Bertie Charles Forbes (/fɔːrbz/; May 14, 1880 – May 6, 1954) was a Scottish-American financial journalist and author who founded Forbes magazine.[1]
Forbes was born in New Deer, Aberdeenshire, Scotland, the son of Agnes (Moir) and Robert Forbes, a storekeeper and tailor at Whitehill, one of their ten children.[2] Forbes attended University College, Dundee, which was then part of the University of St Andrews.
In 1897, Forbes worked as a reporter and editorial writer with a local newspaper.

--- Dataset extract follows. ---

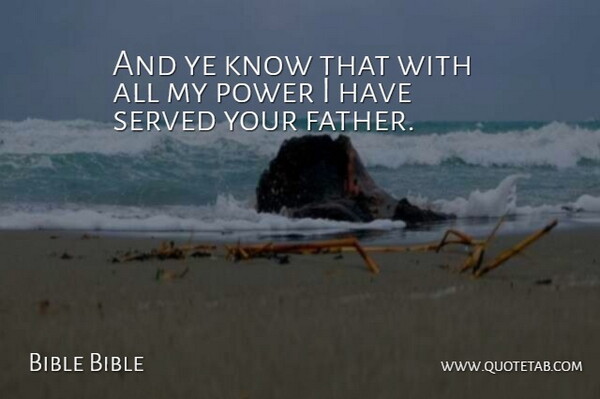 Bible Bible Quote About Power, Served: And Ye Know That With...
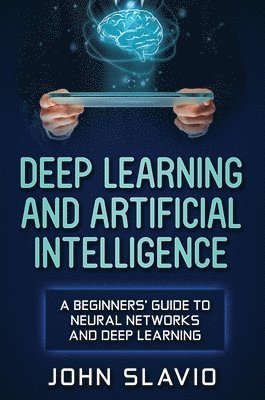 John Slavio - Deep Learning and Artificial Intelligence, Inbunden. Tillgänglighet: Lägg i varukorg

In 1901, he moved to Johannesburg, South Africa, where he worked on the Rand Daily Mail under its first editor, Edgar Wallace.[3]
In 1904, he emigrated to New York City where he was employed as a writer and financial editor at the Journal of Commerce before joining the Hearst chain of newspapers as a syndicated columnist in 1911. After two years, he became the business and financial editor at Hearst's New York American, where he remained until 1916.
He founded Forbes magazine in 1917 and remained the magazine's editor-in-chief until his death in New York City in 1954, though he was assisted in his later years by his two eldest sons, Bruce Charles Forbes and Malcolm Stevenson Forbes.
Forbes was the founder of the Investors League in 1942.
He died on May 6, 1954.[1][4] In 1988,[2] his body was returned to his native Scotland, and lies buried in the New Deer Churchyard at Hill of Culsh in New Deer, Aberdeenshire. While living abroad, he returned to Buchan every two years, staying in the Cruden Bay Hotel, "to entertain people of Whitehill to a picnic". It was a tradition revived by his son, Malcolm, in 1987.[2]